*Data extracts*.
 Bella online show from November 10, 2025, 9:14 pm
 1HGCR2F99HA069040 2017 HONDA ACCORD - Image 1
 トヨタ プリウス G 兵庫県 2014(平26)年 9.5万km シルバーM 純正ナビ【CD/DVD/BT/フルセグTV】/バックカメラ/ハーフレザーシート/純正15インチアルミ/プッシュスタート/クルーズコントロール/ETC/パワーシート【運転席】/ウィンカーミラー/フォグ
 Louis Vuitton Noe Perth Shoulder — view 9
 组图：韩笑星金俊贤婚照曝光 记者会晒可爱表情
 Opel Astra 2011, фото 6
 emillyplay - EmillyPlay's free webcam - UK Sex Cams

*Exercise*. Keep to the lines above, from the first one through the line where "组图：韩笑星金俊贤婚照曝光 记者会晒可爱表情" appears, and copy them exactly.

*The completed task*.
 Bella online show from November 10, 2025, 9:14 pm
 1HGCR2F99HA069040 2017 HONDA ACCORD - Image 1
 トヨタ プリウス G 兵庫県 2014(平26)年 9.5万km シルバーM 純正ナビ【CD/DVD/BT/フルセグTV】/バックカメラ/ハーフレザーシート/純正15インチアルミ/プッシュスタート/クルーズコントロール/ETC/パワーシート【運転席】/ウィンカーミラー/フォグ
 Louis Vuitton Noe Perth Shoulder — view 9
 组图：韩笑星金俊贤婚照曝光 记者会晒可爱表情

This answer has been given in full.